CAB stokes campus enthusiasm

With two Campus Activities Board officers unavailable, Whitney Hornaday, the public relations representative, led the Oct. 11 meeting. With just two days until Homecoming and another significant event planned, CAB anticipates good results.

“I’m looking forward to everything, I’m really excited about Homecoming this year,” Hornaday said. “There’s a lot of students and school spirit.”

Tori Christiansen, director of student activities, hopes the upcoming Homecoming events carry over enthusiasm from Welcome Week. She is already impressed with the organization’s float.

“These guys have a vision and they’ve been working their rears off on it, so I think it’s going to turn out great,” Christiansen said. “We’ve had a lot of participation with the float this year. Last year it was flung together at the last moment with just four of us Saturday morning.”
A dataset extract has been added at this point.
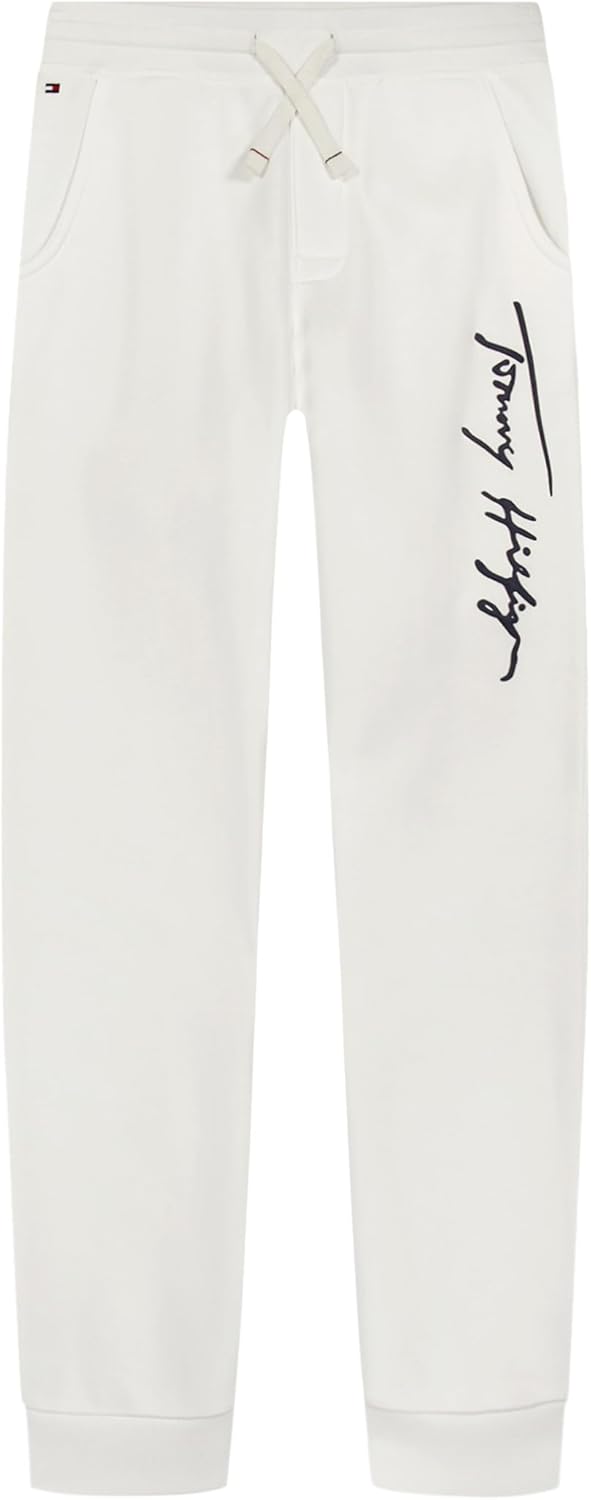

Флисовые спортивные брюки-джоггеры Tommy Hilfiger для мальчиков, застежка на шнурок, Signature Fresh White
She commends CAB members for their dedication to the event and said she was excited for the potential of the young group; even though attendance was down at the last meeting.

“I think that’s because there’s so much going on, everyone’s busy with their other organizations trying to get their floats done and that’s understandable,” she said. “I expect numbers will be back up for the next meeting.”

Once again, Christiansen emphasizes the importance of the student body’s involvement.

“Come out and support the organizations that have worked hard to put this together, the parade should be great,” she said. “It’s going to be a fun week, but it’s only fun if you’re there.”

As soon as Homecoming is over, CAB’s next significant event is the appearance of Jason Hawes and Grant Wilson from “Ghost Hunters,” the television show “Taps,” at 7 p.m. Oct. 18 in Webster Hall auditorium.

Melanie Epperson, secretary of student activities, has been trying to contact the “Ghost Hunters” for Missouri Southern for a year, and finally found success.

“I jumped on the opportunity,” Epperson said. “It’s a popular topic on campus.”

The presentation will consist of a two-hour lecture with technical demonstrations and sharing of mysterious experiences. Seating will be first-come, first-served, so Christiansen encouraged students to arrive early.

“It should be really good,” Epperson said. “They’ve done a lot of things in the area.”